──────── Given data

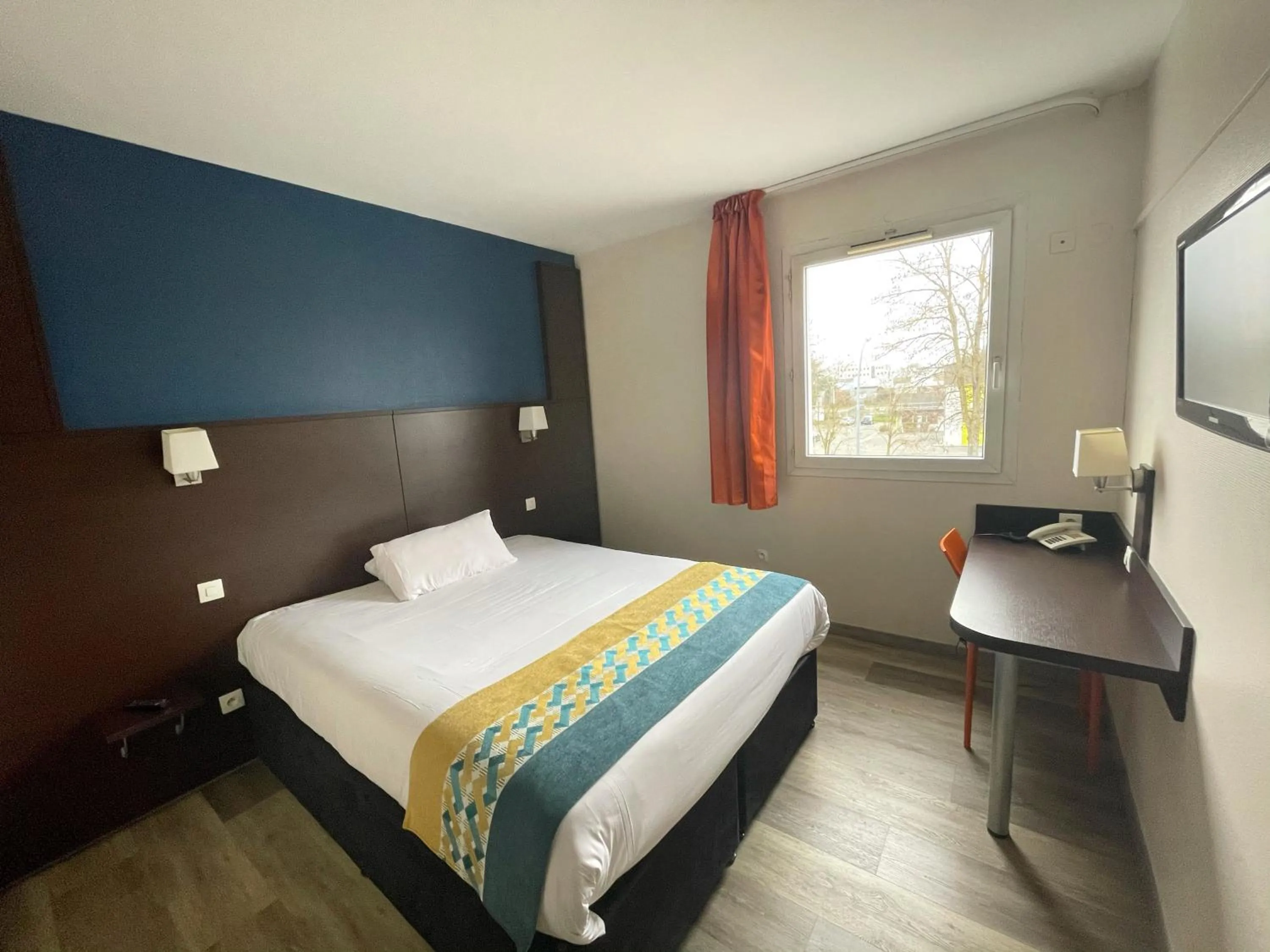 Photo of the whole room, Bed in Hôtel Restaurant Kyriad Direct DIJON NORD - Zenith - Toison d'Or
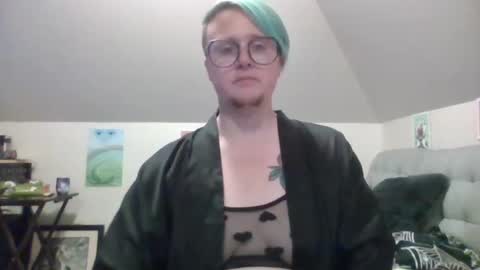 queerlyjaz online show from 09-27-25, 02:27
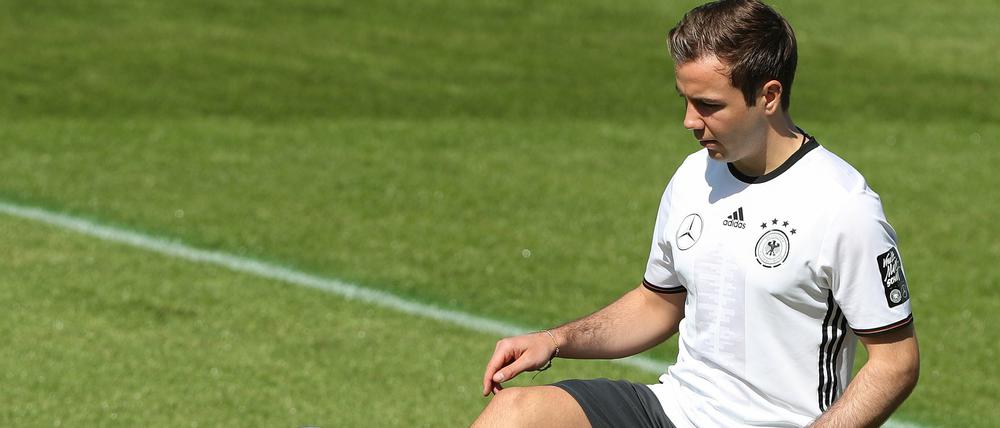 Ausgebremst. Mario Götze will bei der EM glänzen und beim FC Bayern bleiben.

────────────────

Work to be completed:
Return the whole listing word for word. Pictures stay out of it.

Answer for the task:
 Photo of the whole room, Bed in Hôtel Restaurant Kyriad Direct DIJON NORD - Zenith - Toison d'Or
 queerlyjaz online show from 09-27-25, 02:27
 Ausgebremst. Mario Götze will bei der EM glänzen und beim FC Bayern bleiben.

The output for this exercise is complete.